Wir lehnen sowohl die soziale Entrechtung als auch das Sanktionsregime ab, von dem die AfD in ihrem Antrag träumt. Ich möchte zum Schluss unterstreichen, dass diese menschenverachtende Denkweise vielleicht bei Geflüchteten beginnt. Sie wird aber vor denen, die zwar als „deutsch“ markiert sind, aber auch in den Fokus der Rechten fallen, sicher ebenfalls keinen Halt machen.

Vielen Dank.

(Beifall bei den LINKEN)

Als Nächste kommt Frau Kollegin Čagalj Sejdi für die BÜNDNISGRÜNEN zu Wort.

Petra Čagalj Sejdi, BÜNDNISGRÜNE: Sehr geehrter Herr Präsident! Liebe Kolleginnen und Kollegen! Die im Antrag der AfD und auch von anderen Parteien geforderten Sachleistungen gingen – wir haben es einige Male gehört – durch die Medien und kamen in der öffentlichen Debatte der letzten Tage sehr häufig vor. Dennoch muss man sagen: Diese Forderung ist reiner Populismus.

(Einzelbeifall bei den LINKEN)

Natürlich kann man Menschen auch mit Sachleistungen versorgen. Man muss sich aber fragen, was das überhaupt kostet. Wer – so wie Sie in Ihrem Antrag – behauptet, damit würden einerseits Kosten eingespart und werde andererseits die Zahl der Flüchtenden nach Deutschland verringert, dem muss ich sagen: Das wird so nicht funktionieren. Niemand wird nicht nach Deutschland flüchten, weil es hier Sachleistungen statt Geld gibt. Das ist einfach eine hirnrissige Idee, die da produziert wird.

(Beifall bei den BÜNDNISGRÜNEN sowie vereinzelt bei den LINKEN und der SPD)

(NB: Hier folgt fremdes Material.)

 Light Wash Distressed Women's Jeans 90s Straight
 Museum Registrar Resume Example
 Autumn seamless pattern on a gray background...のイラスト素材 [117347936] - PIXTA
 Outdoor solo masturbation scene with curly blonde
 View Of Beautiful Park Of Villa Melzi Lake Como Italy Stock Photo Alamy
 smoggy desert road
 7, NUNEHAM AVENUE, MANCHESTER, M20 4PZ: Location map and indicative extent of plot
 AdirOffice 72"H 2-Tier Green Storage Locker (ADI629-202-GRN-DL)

Sie schlagen in Ihrem Antrag vor, man könne sich ein System von Prepaidkarten oder Chipkarten überlegen. Ja, das kann man machen. Ich möchte Ihnen aber sagen: Das wird sehr teuer, wenn man das einmal durchspielt. Sie brauchen überhaupt erst einmal jemanden, der ein solches System entwickelt. Sie brauchen einen Partner, eine Organisation, eine Bank, die die Zahlung dieser Gelder, die Durchreichung übernimmt. Sie brauchen jemanden, der in der Lage ist, 1,39 Euro für H-Milch 20 000-mal in der Woche auszuzahlen, dann vielleicht noch 3,50 Euro für Käse und Wurst 30 000-mal usw.

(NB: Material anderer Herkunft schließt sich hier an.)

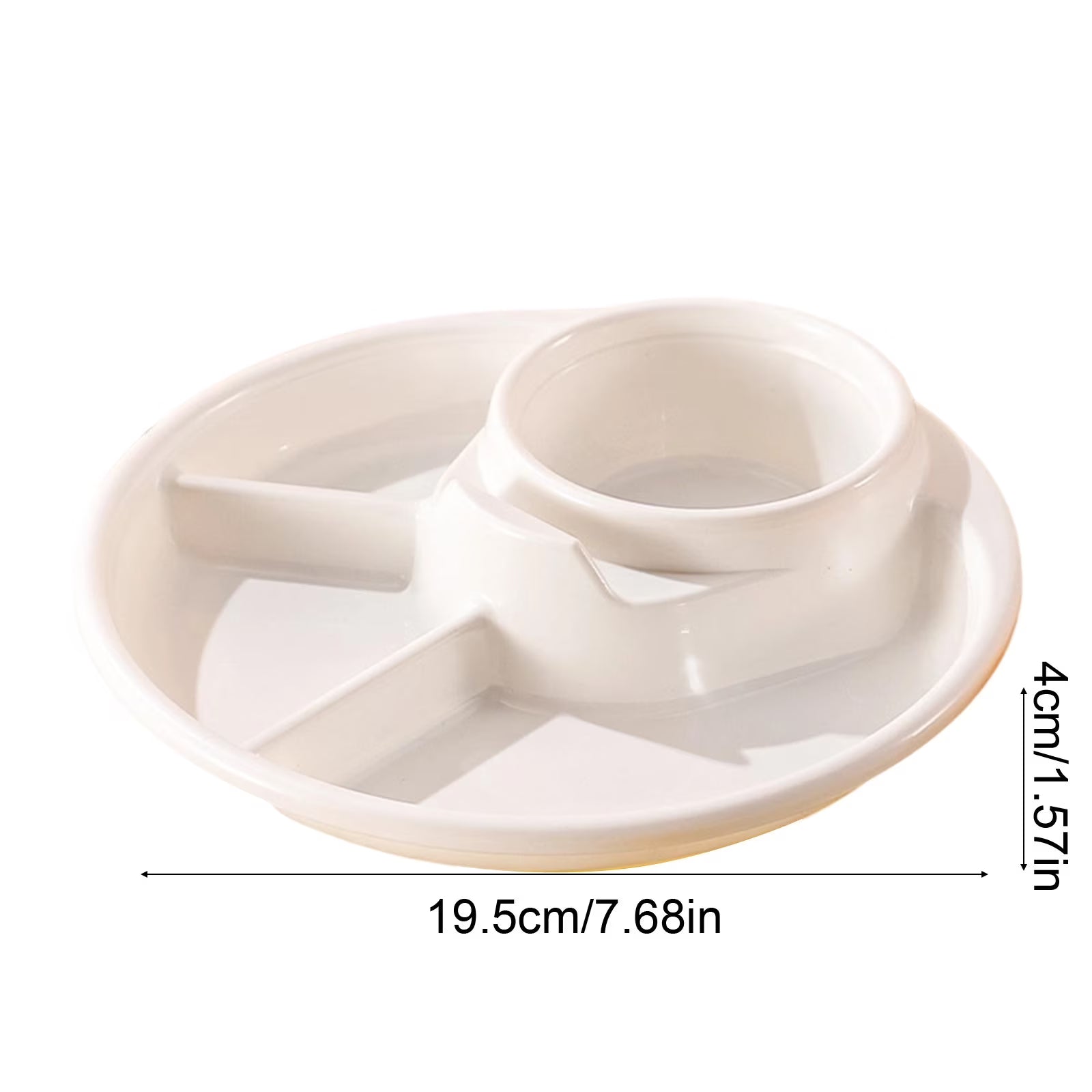 FHBVT 4-Color Food Grade Divided Plates with Anti-Spill Non-Slip Base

Wir hatten Anträge zu einer elektronischen Gesundheitskarte, die abgelehnt wurden, weil das zu teuer ist. Überlegen Sie sich einmal, wie teuer eine Sachleistungskarte wäre! Die Kosten würden ins Enorme gehen.

Aber davon ganz abgesehen – Kollegin Nagel hat es schon angesprochen –: Ihre Forderung ist nicht einfach nur übermäßig teuer, sie spricht auch gegen das Grundgesetz. Ich

habe in einer meiner vergangenen Reden schon einmal das Bundesverfassungsgericht zitiert, welches bereits 2012 in seinem Urteil gesagt hat: „Auch migrationspolitische Erwägungen, die Leistungen an Asylbewerberinnen und Asylbewerber sowie Flüchtlinge niedrig halten, um Anreize für Wanderungsbewegungen durch ein im internationalen Vergleich eventuell hohes Leistungsniveau zu vermeiden, können von vornherein kein Absenken des Leistungsstandards unter das physische und soziokulturelle Existenzminimum rechtfertigen. Die Menschenwürde ist migrationspolitisch nicht zu relativieren“ – Urteil des Bundesverfassungsgerichts vom 18. Juli 2012.

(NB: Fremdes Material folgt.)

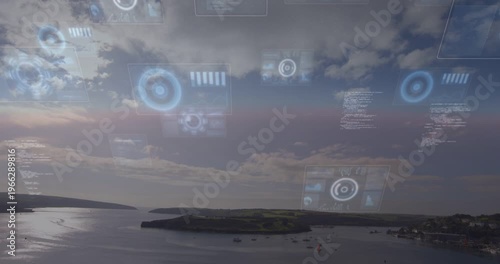 Starting HUD boot from above coastal bay with island and moored boats getting drifting HUD overlays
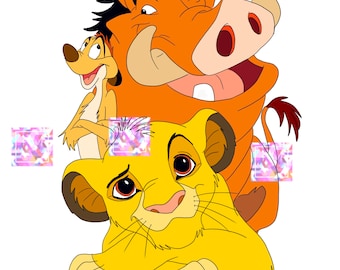 Pimon & Tumba Lion King Cartoon Instant Download Printable Digital Drawing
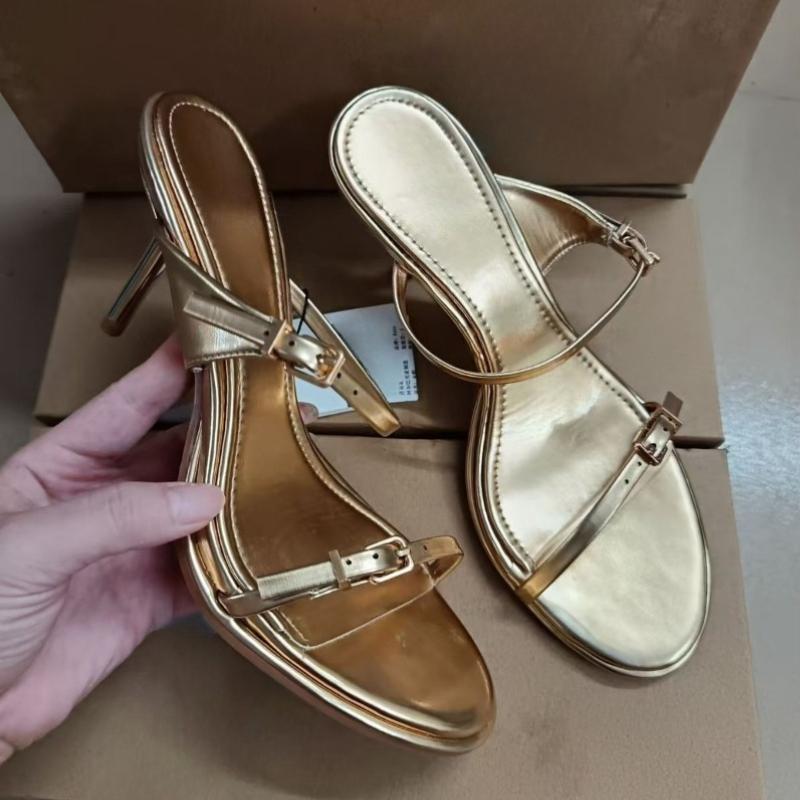 Luxury Gold High Heels Women Sandals Summer Sexy Open Toe Ring Stiletto Mules Fashion Party Wedding Shoes 42 золотой 5300₽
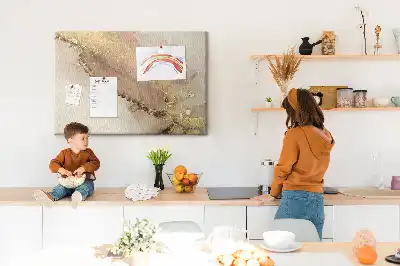 Memobord van kurk Steen met gouden adering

(Beifall bei den BÜNDNISGRÜNEN und der SPD)

Das heißt: Wer Zuwanderung steuern will, indem er das Existenzminimum von Menschen minimiert, steht eindeutig neben unserer Verfassung und nicht dahinter.

(Beifall bei den BÜNDNISGRÜNEN und vereinzelt bei der SPD – Beifall der Staatsministerin Petra Köpping)

Aber Sie wollen nicht nur vermeintlich Geld sparen, Sie behaupten auch, dass Sie mit Ihren Butterbroten Menschen von der Flucht abhalten könnten. Auch diesen Zahn müssen wir Ihnen hier leider ziehen.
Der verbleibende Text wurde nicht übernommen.